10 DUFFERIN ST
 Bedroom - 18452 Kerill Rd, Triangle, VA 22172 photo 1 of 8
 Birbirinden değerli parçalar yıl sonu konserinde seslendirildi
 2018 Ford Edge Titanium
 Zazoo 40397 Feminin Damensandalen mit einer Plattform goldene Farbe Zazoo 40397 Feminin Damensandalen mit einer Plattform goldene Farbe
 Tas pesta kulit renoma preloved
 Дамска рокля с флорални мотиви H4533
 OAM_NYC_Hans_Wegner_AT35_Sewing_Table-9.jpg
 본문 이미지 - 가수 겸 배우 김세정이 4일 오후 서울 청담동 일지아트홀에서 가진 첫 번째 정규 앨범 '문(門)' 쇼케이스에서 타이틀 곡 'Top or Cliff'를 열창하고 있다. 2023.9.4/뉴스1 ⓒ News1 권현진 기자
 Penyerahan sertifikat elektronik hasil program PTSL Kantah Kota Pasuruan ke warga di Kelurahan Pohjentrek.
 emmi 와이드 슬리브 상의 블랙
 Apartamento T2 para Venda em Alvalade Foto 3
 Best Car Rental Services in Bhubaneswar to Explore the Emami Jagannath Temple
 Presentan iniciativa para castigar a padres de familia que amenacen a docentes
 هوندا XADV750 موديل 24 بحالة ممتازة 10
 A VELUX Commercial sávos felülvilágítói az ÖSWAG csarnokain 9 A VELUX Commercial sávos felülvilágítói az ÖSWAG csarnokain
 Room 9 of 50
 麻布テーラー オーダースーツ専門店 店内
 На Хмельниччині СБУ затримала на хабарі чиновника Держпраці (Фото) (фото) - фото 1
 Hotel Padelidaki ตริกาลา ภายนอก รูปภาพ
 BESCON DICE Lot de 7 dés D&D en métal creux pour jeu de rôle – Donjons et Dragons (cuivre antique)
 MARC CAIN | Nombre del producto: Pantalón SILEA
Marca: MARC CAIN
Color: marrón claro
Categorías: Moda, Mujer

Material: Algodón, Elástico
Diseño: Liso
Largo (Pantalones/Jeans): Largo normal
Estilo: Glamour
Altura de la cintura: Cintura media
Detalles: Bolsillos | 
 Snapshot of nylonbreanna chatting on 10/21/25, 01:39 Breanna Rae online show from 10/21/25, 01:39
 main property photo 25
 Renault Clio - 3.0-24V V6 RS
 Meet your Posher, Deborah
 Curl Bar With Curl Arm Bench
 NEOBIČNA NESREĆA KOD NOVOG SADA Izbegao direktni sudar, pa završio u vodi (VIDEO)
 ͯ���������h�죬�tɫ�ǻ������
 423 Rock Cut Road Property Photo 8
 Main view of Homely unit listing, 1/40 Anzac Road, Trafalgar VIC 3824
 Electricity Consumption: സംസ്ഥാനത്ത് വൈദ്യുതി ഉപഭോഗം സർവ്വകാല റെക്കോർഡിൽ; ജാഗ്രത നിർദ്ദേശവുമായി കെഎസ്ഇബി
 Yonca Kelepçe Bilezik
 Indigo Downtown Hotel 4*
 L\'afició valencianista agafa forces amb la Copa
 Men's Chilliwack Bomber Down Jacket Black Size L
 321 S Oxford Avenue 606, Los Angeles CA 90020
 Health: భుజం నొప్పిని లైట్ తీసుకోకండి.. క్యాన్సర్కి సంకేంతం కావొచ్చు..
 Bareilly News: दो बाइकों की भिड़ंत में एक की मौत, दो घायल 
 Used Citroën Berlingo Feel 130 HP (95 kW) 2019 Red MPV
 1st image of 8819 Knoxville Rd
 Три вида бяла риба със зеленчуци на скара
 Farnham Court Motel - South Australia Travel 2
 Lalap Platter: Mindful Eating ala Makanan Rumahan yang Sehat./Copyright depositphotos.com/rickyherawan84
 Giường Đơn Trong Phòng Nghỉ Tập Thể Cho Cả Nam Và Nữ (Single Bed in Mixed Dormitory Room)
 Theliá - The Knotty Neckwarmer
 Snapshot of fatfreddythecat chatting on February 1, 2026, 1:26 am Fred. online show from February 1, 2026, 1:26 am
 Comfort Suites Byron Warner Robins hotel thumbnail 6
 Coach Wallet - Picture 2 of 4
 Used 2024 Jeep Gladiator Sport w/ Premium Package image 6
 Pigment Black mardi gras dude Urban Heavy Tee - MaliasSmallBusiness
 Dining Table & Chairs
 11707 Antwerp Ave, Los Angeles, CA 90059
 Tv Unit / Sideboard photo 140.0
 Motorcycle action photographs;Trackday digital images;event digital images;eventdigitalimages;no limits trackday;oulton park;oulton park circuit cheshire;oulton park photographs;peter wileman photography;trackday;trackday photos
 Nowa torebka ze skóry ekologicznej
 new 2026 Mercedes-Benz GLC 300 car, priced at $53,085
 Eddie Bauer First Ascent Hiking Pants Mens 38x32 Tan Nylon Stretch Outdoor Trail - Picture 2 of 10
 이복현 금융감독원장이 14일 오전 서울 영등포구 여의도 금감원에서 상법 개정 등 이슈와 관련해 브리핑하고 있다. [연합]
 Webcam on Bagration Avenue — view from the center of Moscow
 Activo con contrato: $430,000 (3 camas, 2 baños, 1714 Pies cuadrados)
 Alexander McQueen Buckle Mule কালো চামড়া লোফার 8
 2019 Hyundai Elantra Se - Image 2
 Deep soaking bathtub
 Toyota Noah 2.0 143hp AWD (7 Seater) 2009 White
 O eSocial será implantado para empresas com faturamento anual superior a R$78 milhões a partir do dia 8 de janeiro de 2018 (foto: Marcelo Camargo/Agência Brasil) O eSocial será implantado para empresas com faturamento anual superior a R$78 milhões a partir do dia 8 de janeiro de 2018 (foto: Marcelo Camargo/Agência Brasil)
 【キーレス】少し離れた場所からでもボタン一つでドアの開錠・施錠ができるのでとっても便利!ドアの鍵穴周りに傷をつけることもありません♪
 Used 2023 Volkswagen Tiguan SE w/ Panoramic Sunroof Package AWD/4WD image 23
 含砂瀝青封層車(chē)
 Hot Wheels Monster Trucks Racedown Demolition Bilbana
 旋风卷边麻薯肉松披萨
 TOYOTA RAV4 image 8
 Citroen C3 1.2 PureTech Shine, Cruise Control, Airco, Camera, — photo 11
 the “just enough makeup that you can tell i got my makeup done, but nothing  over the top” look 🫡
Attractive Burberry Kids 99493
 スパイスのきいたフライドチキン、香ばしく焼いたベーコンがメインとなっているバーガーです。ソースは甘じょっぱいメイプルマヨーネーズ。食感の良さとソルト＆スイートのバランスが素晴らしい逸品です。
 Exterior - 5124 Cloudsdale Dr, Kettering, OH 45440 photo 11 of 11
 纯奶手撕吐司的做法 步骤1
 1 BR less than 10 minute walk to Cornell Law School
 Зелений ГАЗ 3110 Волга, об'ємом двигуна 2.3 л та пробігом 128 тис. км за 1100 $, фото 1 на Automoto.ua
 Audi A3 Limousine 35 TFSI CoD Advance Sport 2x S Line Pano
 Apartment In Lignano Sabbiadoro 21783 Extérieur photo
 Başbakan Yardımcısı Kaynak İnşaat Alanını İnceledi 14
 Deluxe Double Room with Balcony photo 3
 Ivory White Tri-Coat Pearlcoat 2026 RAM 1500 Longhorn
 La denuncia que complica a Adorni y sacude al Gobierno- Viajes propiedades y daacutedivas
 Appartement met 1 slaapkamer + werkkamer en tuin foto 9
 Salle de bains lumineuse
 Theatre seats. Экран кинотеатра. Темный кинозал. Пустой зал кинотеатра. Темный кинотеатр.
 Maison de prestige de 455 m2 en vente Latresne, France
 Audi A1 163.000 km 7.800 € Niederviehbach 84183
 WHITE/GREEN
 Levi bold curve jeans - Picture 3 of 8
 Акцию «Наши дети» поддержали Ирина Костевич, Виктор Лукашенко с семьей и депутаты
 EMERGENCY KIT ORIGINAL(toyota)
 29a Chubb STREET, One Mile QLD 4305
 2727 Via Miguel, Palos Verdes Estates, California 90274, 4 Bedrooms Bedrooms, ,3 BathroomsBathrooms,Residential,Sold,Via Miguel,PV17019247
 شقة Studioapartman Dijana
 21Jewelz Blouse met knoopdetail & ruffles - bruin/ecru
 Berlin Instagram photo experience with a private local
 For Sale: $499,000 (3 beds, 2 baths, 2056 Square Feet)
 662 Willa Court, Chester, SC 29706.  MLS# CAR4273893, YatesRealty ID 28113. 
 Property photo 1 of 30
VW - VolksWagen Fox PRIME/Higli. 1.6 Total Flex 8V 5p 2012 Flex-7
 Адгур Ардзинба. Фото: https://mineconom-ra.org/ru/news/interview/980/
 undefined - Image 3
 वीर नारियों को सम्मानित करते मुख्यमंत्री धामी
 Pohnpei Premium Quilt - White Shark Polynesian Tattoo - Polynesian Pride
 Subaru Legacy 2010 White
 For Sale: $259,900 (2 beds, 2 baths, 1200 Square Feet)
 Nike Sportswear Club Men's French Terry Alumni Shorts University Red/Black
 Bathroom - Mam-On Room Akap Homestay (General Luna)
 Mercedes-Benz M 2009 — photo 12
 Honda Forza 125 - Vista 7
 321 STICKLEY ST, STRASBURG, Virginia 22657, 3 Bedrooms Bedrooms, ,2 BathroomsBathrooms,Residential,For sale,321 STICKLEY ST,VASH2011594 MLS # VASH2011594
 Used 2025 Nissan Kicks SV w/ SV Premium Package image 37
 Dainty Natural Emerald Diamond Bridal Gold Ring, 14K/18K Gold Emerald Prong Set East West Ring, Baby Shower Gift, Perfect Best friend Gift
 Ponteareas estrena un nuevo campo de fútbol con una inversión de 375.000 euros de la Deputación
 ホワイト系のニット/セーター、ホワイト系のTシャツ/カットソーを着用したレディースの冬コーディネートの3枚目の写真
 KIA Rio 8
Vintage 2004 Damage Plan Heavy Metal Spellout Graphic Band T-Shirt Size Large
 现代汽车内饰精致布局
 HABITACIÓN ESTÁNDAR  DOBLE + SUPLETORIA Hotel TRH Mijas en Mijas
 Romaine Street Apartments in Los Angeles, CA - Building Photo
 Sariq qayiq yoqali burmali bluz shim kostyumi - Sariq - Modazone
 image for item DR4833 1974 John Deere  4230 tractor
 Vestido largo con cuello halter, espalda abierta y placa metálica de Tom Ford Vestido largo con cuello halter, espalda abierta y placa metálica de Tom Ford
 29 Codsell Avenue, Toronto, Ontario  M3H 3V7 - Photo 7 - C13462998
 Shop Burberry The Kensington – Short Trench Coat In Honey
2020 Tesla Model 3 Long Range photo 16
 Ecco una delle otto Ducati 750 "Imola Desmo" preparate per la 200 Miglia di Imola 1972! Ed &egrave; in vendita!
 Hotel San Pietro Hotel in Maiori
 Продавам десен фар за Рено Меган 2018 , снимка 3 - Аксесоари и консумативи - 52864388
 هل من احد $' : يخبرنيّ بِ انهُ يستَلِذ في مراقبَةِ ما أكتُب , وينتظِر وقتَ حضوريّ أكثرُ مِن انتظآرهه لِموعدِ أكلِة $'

▶ EXERCISE INSTRUCTIONS:
Retype the listing above, word for word, from its first line to the line containing "Categorías: Moda, Mujer", both ends included.

▶ RESPONSE TO THE TASK:
10 DUFFERIN ST
 Bedroom - 18452 Kerill Rd, Triangle, VA 22172 photo 1 of 8
 Birbirinden değerli parçalar yıl sonu konserinde seslendirildi
 2018 Ford Edge Titanium
 Zazoo 40397 Feminin Damensandalen mit einer Plattform goldene Farbe Zazoo 40397 Feminin Damensandalen mit einer Plattform goldene Farbe
 Tas pesta kulit renoma preloved
 Дамска рокля с флорални мотиви H4533
 OAM_NYC_Hans_Wegner_AT35_Sewing_Table-9.jpg
 본문 이미지 - 가수 겸 배우 김세정이 4일 오후 서울 청담동 일지아트홀에서 가진 첫 번째 정규 앨범 '문(門)' 쇼케이스에서 타이틀 곡 'Top or Cliff'를 열창하고 있다. 2023.9.4/뉴스1 ⓒ News1 권현진 기자
 Penyerahan sertifikat elektronik hasil program PTSL Kantah Kota Pasuruan ke warga di Kelurahan Pohjentrek.
 emmi 와이드 슬리브 상의 블랙
 Apartamento T2 para Venda em Alvalade Foto 3
 Best Car Rental Services in Bhubaneswar to Explore the Emami Jagannath Temple
 Presentan iniciativa para castigar a padres de familia que amenacen a docentes
 هوندا XADV750 موديل 24 بحالة ممتازة 10
 A VELUX Commercial sávos felülvilágítói az ÖSWAG csarnokain 9 A VELUX Commercial sávos felülvilágítói az ÖSWAG csarnokain
 Room 9 of 50
 麻布テーラー オーダースーツ専門店 店内
 На Хмельниччині СБУ затримала на хабарі чиновника Держпраці (Фото) (фото) - фото 1
 Hotel Padelidaki ตริกาลา ภายนอก รูปภาพ
 BESCON DICE Lot de 7 dés D&D en métal creux pour jeu de rôle – Donjons et Dragons (cuivre antique)
 MARC CAIN | Nombre del producto: Pantalón SILEA
Marca: MARC CAIN
Color: marrón claro
Categorías: Moda, Mujer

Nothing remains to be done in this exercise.